田村(貴)委員 余りに露骨なアフラック側からの介入であったと私は受けとめました。

 郵便局の窓口には、かんぽ生命とアフラックの保険が一体となったカタログやチラシがいっぱいあります。国会内の郵便局でも多数置いてありました。「郵便局からお届けする「アフラックのがん保険」」お得ですよといっぱい書いています。こちらは、「郵便局取り扱い記念」「アフラックの社会貢献活動」、ここまでPRするパンフレットが置かれている。このチラシは、「郵便局でアフラックのがん保険をお取扱いしています」「がん保険のお申込みをいただいたお客さまに抽選で合計一万百名様にカタログギフトをプレゼント!」と、ネットワークの開放がまさにこうした商法となってまいりました。

 なぜそこまで、米国一社の企業を優遇して商品を独占的に販売する、こういう形になっているんでしょうか。

稲澤参考人 お答え申し上げます。

 先ほどもお答え申し上げたとおりでございますが、郵便局において販売する商品の供給会社でございますが、広く公募を行い、経営基盤、実績、商品性、全国的な販売、事務支援体制、保険金等支払い管理体制等について総合的に判断の上、選定をさせていただいているものでございます。がん保険についても、アフラックを選定したところでございます。

 先ほどお答え申し上げたとおり、限度額規制に関する政令改正要望等々がありましたけれども、ただいま現在、アフラックの商品の取り扱いというのを二万局まで拡大するというところまで来ております。これは、お客様サービスの向上と郵政グループの企業価値向上の観点から適当だと判断したものでございまして、当グループの経営判断でございます。一社やってございますが、仮にそのほかのを郵便局で販売ということがございますれば、仮にそうした御提案があった場合には、御相談をいただくことになるのかなというふうに思っておるところでございます。

 先生、今パンフレットというのがございましたけれども、今、私どもはかんぽの代理店でございます、簡保もやってございますけれども、その中で足りない保障の部分について、がん保険というものをあわせてお客様に御紹介させていただくということで、お客様の多様なニーズに応えてまいりたいというふうに思っているところでございます。

 以上、お答え申し上げます。

田村(貴)委員 いろいろ言われましたけれども、選択できるがん保険というのはアフラック一社の商品しかないということであります。

 販売へのアフラック社のかかわりはどうなのかということなんですけれども、金融庁と総務省は郵政民営化委員会に意見を求めました。
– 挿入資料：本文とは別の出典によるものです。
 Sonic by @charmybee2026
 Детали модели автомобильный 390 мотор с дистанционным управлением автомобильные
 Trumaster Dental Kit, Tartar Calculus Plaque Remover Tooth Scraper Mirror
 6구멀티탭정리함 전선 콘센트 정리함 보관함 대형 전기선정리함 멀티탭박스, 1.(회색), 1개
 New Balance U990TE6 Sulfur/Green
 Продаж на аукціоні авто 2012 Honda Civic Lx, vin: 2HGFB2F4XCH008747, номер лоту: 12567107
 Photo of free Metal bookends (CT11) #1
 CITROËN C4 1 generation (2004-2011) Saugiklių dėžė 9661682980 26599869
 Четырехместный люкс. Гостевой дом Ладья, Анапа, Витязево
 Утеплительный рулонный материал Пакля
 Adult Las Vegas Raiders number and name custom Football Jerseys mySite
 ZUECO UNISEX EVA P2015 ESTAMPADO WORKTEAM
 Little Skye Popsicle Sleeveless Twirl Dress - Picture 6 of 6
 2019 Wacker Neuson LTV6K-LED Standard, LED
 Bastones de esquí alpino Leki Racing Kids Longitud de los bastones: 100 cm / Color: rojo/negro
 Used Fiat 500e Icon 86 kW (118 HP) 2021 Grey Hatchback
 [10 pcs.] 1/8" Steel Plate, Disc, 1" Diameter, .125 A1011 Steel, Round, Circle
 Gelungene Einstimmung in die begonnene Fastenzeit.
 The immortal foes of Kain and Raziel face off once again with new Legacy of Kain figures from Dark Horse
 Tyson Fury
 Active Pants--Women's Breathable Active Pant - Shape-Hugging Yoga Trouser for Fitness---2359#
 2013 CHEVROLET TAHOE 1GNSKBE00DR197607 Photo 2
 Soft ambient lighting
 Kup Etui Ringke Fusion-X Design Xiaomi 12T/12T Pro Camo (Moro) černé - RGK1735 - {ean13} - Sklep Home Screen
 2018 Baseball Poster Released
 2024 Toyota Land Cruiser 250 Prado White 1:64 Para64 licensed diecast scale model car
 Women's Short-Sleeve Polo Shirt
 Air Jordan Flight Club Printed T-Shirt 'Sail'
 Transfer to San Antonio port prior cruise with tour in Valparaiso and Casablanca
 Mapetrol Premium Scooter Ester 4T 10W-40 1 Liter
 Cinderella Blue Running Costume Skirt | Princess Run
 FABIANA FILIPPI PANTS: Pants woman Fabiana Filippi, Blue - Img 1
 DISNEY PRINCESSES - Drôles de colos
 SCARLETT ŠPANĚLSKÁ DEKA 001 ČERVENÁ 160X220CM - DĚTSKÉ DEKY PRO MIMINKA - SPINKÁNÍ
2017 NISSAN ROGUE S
その中で、アフラックのがん保険を販売する郵便局に対する教育と指導の部分について、「株式会社かんぽ生命保険の新規業務に関する郵政民営化委員会の意見」という文書の中に、次のような記述がございます。郵便局に対する教育と指導については、アフラックががん保険にかかわる全般的な教育、指導を、株式会社かんぽ生命保険が郵便局個々のデータを踏まえた教育、指導を行うとしているが、両者の責任関係が曖昧にならないよう、役割分担を明確に実施することが重要であると。

 教育と指導にアフラックが乗り出していく、そういう意見となったんでしょうか。

安藤(友)政府参考人 お答え申し上げます。

 平成二十六年六月十九日付ということになりますが、「かんぽ生命保険の新規業務(がん保険の受託販売等)に関する郵政民営化委員会の意見」におきましては、今委員から御指摘のありました記述があることは、そのとおりでございます。

田村(貴)委員 そうなんですよ。アフラックが郵政の職員、社員に対して全般的な教育、指導をすると。私もこの文書を読んでびっくりしました。

 現場の社員の方にお伺いしました。そうしたら、エリアマネジメントの郵便局の営業会議にまでアフラックの社員が出向いてくるそうであります。そして、こうこうこういうふうに売ってほしいと要求されるというお話を聞きました。

 さらに、社員に配られる単独マネジメント局速報値という文書があります。私はそれを見させていただきました。そこには、「かんぽの提案先には、必ずがん保険の提案書を持参し活動量アップを!」と指示されています、びっくりマークまでついている。つまり、アフラックがん保険販売は、かんぽ生命の商品と必須条件ということになっています。そして、大きい文字で「必ずやる できるまでやる 絶対やる」、この文字で指図をされています。恐るべき強制であります。

 お伺いしますけれども、郵政の社員においてこのがん保険の販売というのはノルマがあるんでしょうか。

稲澤参考人 お答えいたします。

 会社の健全な経営に必要な収益を上げる、確保するということが必要でございますので、各商品について、郵便局ごとあるいは社員ごとに営業目標といったものがございます。

 事業を営む以上、会社の収益目標を掲げて、この達成に向けて社員全員で取り組むということは必要なものであるというふうに私どもとしては認識をしておるところでございます。

 以上、お答え申し上げます。

田村(貴)委員 契約の販売の目標設定まで要求していますよね。現場の社員から伺った話ですけれども、東京管内のエリアマネジメントでは、一つの局当たり月に四万八千円の月掛け保険料を契約することが目標となっているそうであります。現実はそうなっているわけですね。アフラックがん保険の異常なまでの力の入れ方だというふうに思います。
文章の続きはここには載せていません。